The import and export icons shown on the subfolder action menu have been updated to more appropriately reflect the action.

BambooHR connector now available

The BambooHR connector is now available in Okta Workflows with the following cards:

  • Read Employee
  • Update Employee
  • List Employees

See BambooHR connector.

Domain selection added to Jira Service Management connector

Previously, the Jira Service Management connector would fail if the service wasn't on the atlassian.net domain. This update adds a Domain dropdown to the connector authorization dialog so that users can select either atlassian.net or jira.com for the service location.
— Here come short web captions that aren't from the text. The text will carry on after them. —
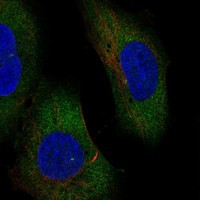 ERVV-1 Antibody in Immunocytochemistry (ICC/IF)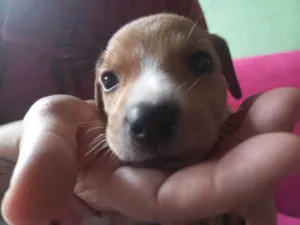 Cachorro raça SRD-ViraLata idade Abaixo de 2 meses nome Filhote 2 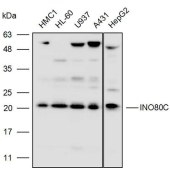 Solarbio K110528P Anti-INO80C Polyclonal Antibody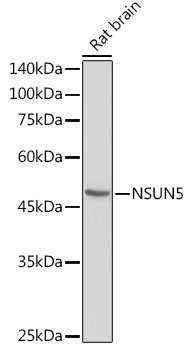 NSUN5 Polyclonal Antibody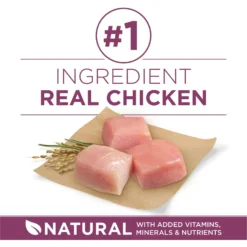 Purina ONE +Plus High Protein Healthy Puppy Formula Dry Puppy Food -Pawsphoria Sales Store 355892 PT3. AC SS1800 V1640227661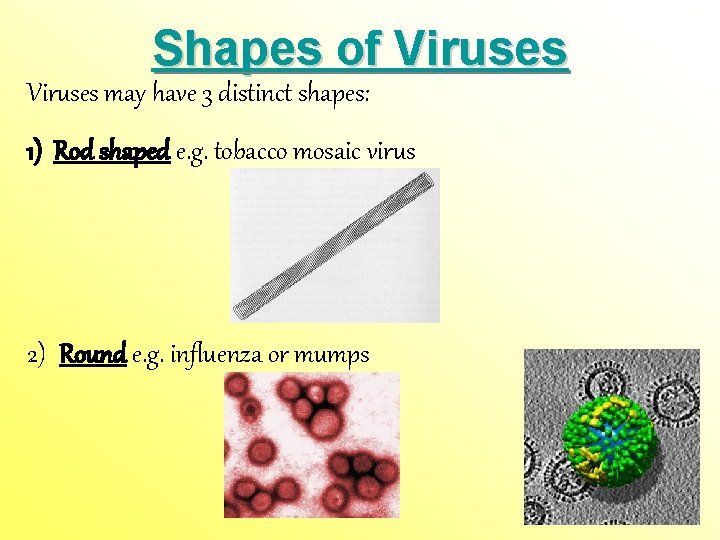 Shapes of Viruses may have 3 distinct shapes: 1) Rod shaped e. g. tobacco Shapes of Viruses may have 3 distinct shapes: 1) Rod shaped e. g. tobacco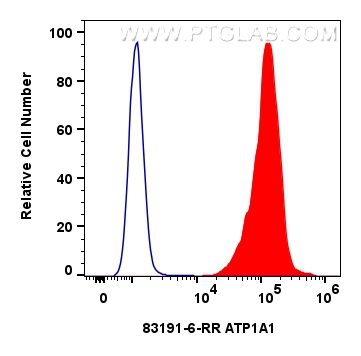 Flow cytometry (FC) experiment of HEK-293 cells using ATP1A1 Recombinant antibody (83191-6-RR)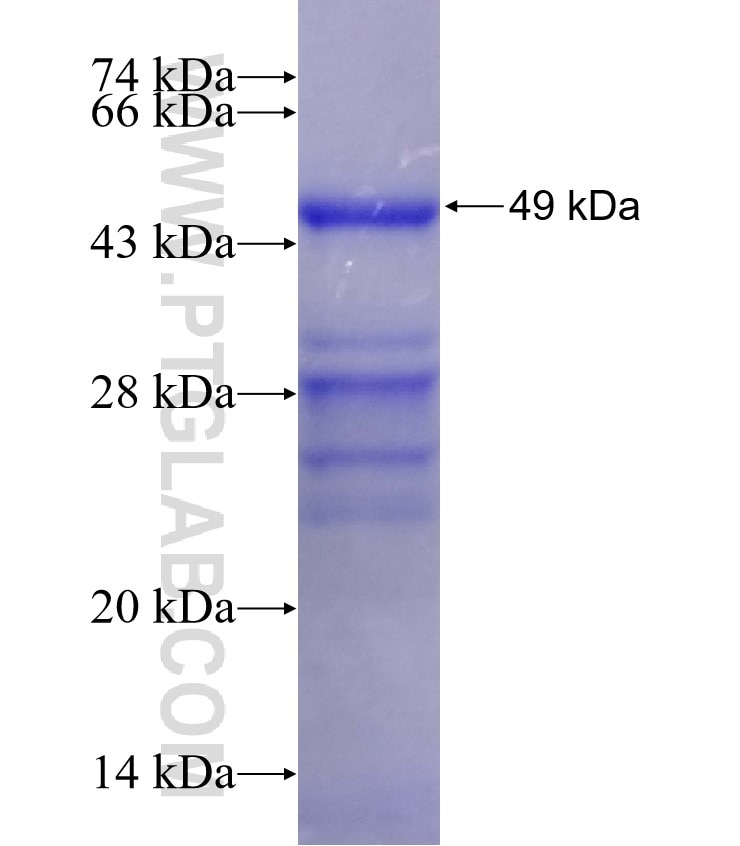 FGFBP2 fusion protein Ag4036 SDS-PAGE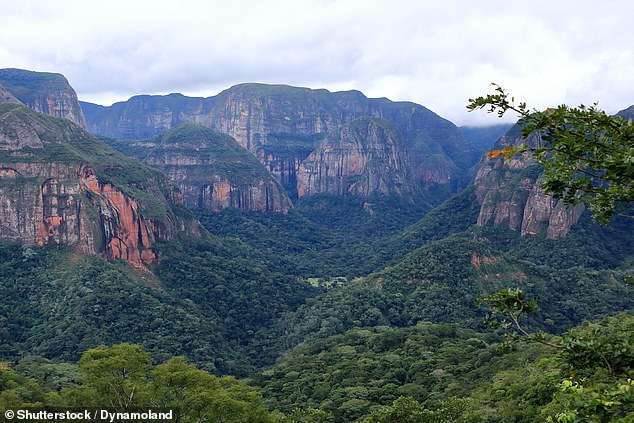 Trump administration adds another CDC travel advisory for deadly virus as it spreads to Americas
No action is required for existing connections.

See Authorization.

Fixes in Okta Workflows

  • OKTA-591951

    A user could edit the name of an existing flow and replace it with a name that consisted of a null value.

  • OKTA-604699

    For the Microsoft Teams connector, when the Stream Matching Records option was chosen, the results on the List Members and List Channel Members cards didn't match the requested Record Limit.

  • OKTA-617595

    The information provided when importing a folder wasn't clear about the destination of the imported folder.

  • OKTA-660523

    For Google Workspace Admin flows that use the Create User card, sometimes Google hadn't finished the user creation process before it attempted to assign a license, so the assignment failed.

  • OKTA-668196

    For the Google Workspace connector, the function of the Deactivate User action card was to suspend a user, not deactivate one. The card has been renamed Suspend User to more accurately reflect the action. No change is required for existing flows that use this card.